The Shining Levels have dug deep into the hills to create an earthy and visionary musical accompaniment to Benjamin Myers’ novel The Gallows Pole

Benjamin Myers’ The Gallows Pole kept assaulting me in bookshops. Wandering around, minding my own business, and that beautiful cover would demand my attention. Laid out like a 1960s Penguin Crime paperback, even down to the use of green, except with a noose instead of the Penguin logo, it’s a brilliant interpretation of a modern design classic. The shadowy figure with bright acid-pink coins instead of eyes staring out from the cover sent an arcane charge through me, although I didn’t dare hope that the contents would live up to its strange suggestiveness. A too-quick peruse of the blurb on the back cover and the idea that the story was based on historical accounts convinced me that it might not be for me after all. How wrong I was.

What finally made me buy and read the novel was – in truly backwards fashion – the announcement that a group identifying themselves as The Shining Levels had crafted an album inspired by The Gallows Pole to be released on Outré Disque. My instincts about the book based on the cover might be correct after all, I thought. The pieces coalesced in my mind and I knew I would read the novel before reviewing the album. Benjamin Myers may be writing about coin forgers (clippers) in late 1760s Yorkshire based on historical documentation, but there’s plenty of room for him to evoke the mysticism of the land and its people – and he does not disappoint. There are sickening bursts of violence – sexual and otherwise – and pyschogeographic passages that blossom into the most beautiful writing. Stagmen dance in bedrooms, an Alchemist prophesies murrain and a glorious socialist network sticks it to the man for a spell. Myers describes “the darkening of shortened days bookended by nights that birthed new mythologies from old fears.” As if he’s pulled the words out from the ground beneath his feet.

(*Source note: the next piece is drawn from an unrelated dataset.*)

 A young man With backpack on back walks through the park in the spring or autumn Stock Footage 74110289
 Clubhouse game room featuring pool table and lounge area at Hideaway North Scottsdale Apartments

The Shining Levels’ score is as earthy as Myers’ prose and just as capable of moments of transformative magic. Rather than attempt to create a tediously contemporaneous music, they have clipped folk songs from the ages to forge something living and raw. DW Coggins and Davey J invited a host of collaborators to help realise their vision and the result feels like alchemy. It’s as relevant to now as the novel is – the past of The Gallows Pole is but a cosmic reflection of the present. The music is rich, bold and nuanced. Rugged folk and acid-hewed rock, underpinned by loops, field recordings and processed electronics. Ambient fog occupies the hidden cavities of its sonic landscape. There are songs sung and there is prose spoken (the novel provides some of both). Ballads fashioned out of earth like golems from clay. It’s music suitable for and in collusion with The Wicker Man, Nigel Kneale’s television play Murrain and The Devils.

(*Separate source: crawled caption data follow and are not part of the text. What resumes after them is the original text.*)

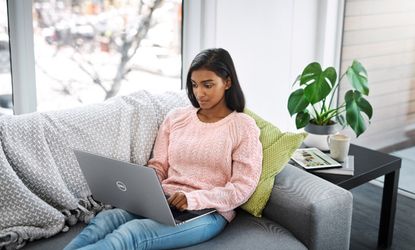Woman on couch using the Dell XPS 17 (9720) laptop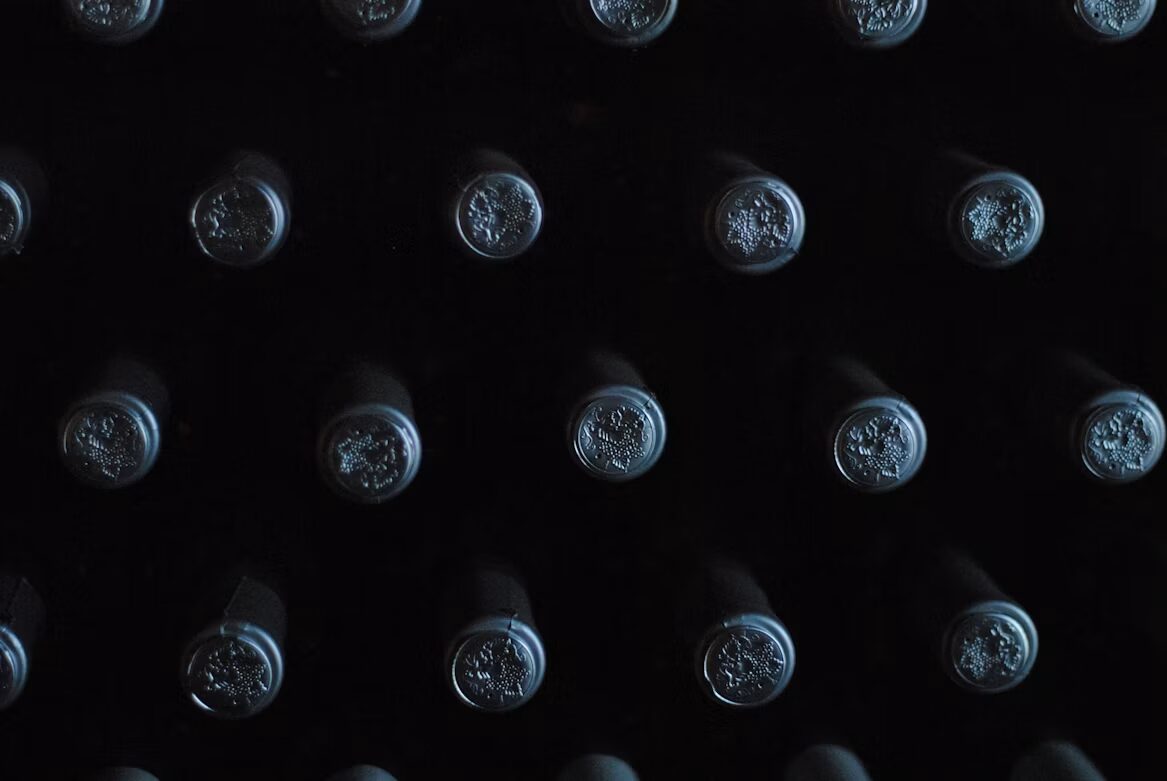 Rows of fine wine bottles seen from below in dramatic light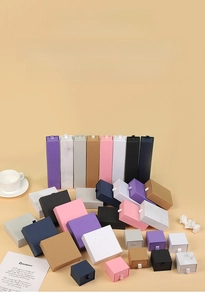 Detailed view of various colorful drawer-style jewelry gift boxes with marble patterns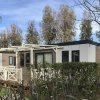 Casetta prefabbricata con veranda immersa nel verde.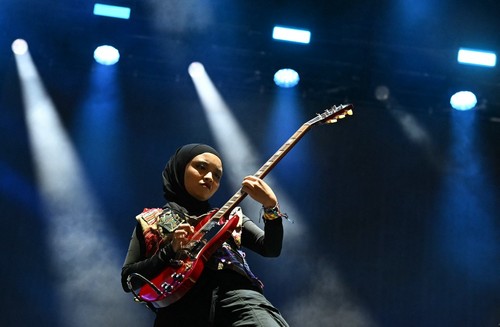 Firda Marsya Kurnia (L) and Widi Rahmawati of Indonesian rock band Voice of Baceprot, perform on the Woodsies stage on the third day of the Glastonbury festival at Worthy Farm in the village of Pilton in Somerset, southwest England, on June 28, 2024. The festival takes place from June 26 to June 30. (Photo by Oli SCARFF / AFP)
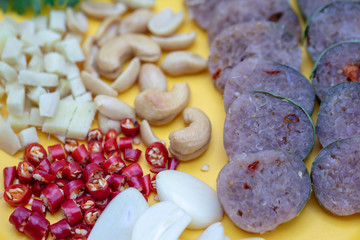 Close up Thai cuisine : Thai sour pork with red chili,ginger,garlic,coriander and cashews in the yellow dish.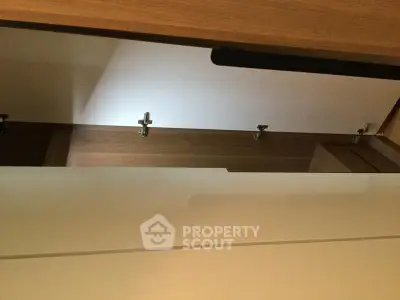 Modern interior storage space with sleek wooden finish and minimalist design.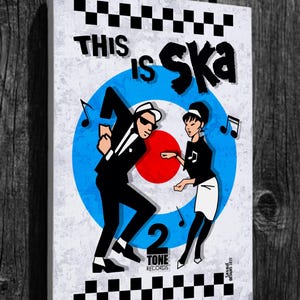 May include: A white canvas print with a black and white chequered border. The print features a blue and red target with two figures dancing. The text "This is Ska" is written in black letters. The text "2 Tone Records" is written in black letters below the target.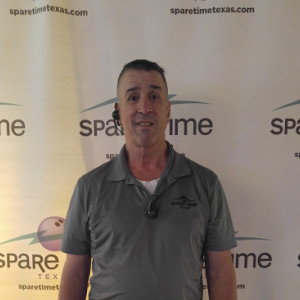 A person wearing a gray polo shirt with a logo stands in front of a vibrant backdrop featuring "Spare Time Texas" and a bowling graphic, highlighting the excitement of this family fun center. They have short hair and are equipped with an earpiece.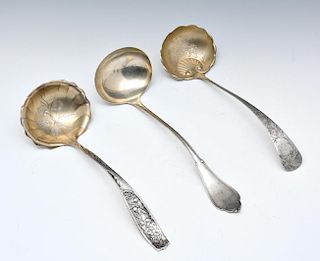 Grouping of three sterling silver ladles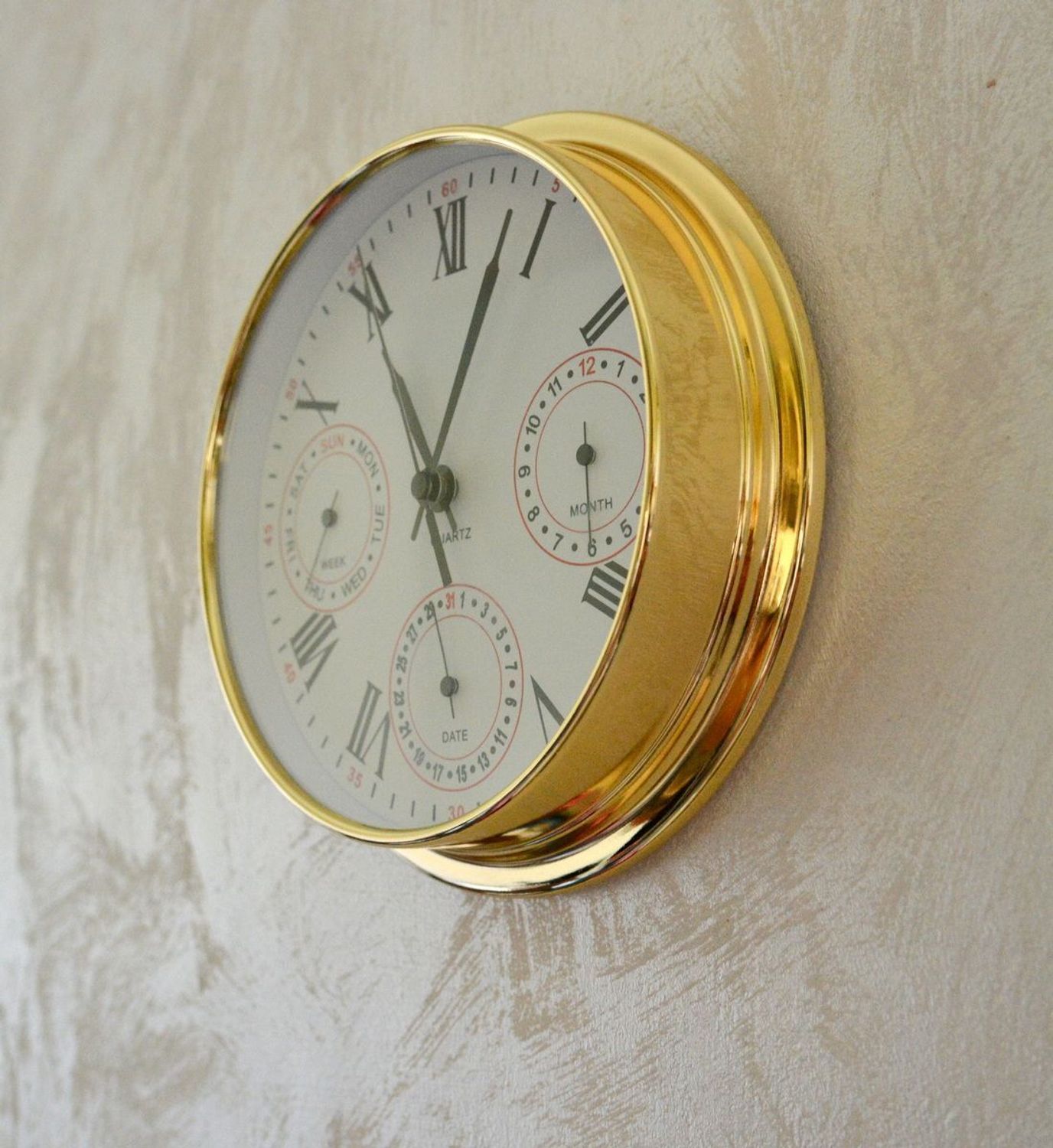 Zegar wyposażony jest w kwarcowy mechanizm, zasilany za pomocą baterii. MULTIDATA Zegar złoty mały z kalendarzem rozmieszczonym na trzech małych tarczach.  (7).JPG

“Stag Dance” begins like a (more) sinister Bagpuss and continues with a dash of Morricone, before getting down and dirty with guitars not unlike The Drones. It’s the sound of a revisionist Western taking root in the north east of England. The sky clears and the vision fades. A delicate piano and Laura Smith’s vocal takes “Moonless Night” into oddball pop territory, recalling Air’s “All I Need” – if that were dug from the soil and infused with lysergic acid. “Tipping of the Scale” carves out a similar holloway, making its way down into your consciousness. The narrative unfolds across the LP as the songs take flight on their own.

Curiously, “Progress!” starts its journey akin to Angelo Badalamenti’s “Dub Driving” from the Lost Highway soundtrack then flows into something approximating an English reimagining of Maher Shalal Hash Baz. Meanwhile, The Shining Levels employ spectral guitars for the man who haunts before he has the means to haunt on “Deighton”. “Men of Straw” is country music carved from the hillside and played by people in animal masks that’ll joyfully burn outsiders. Ink from the pages of the book courses through the musicians’ veins like the darkest of blood.

Benjamin Myers’ novel might be considered Penda’s Fen by way of George RR Martin or else Yorkshire’s answer to The Seventh Seal – all faith, death and visions in a historical setting. The soundtrack by The Shining Levels is a wonder in its own right and it is wonderfully appropriate, meeting the scope and depth of Myers’ words with grit and flame. I imagine The Gallows Pole blasting out of a sound system at an early rave in the countryside – earth-attuned revellers dancing through its past and present days. In other words, the literary folk rock record that the KLF never made.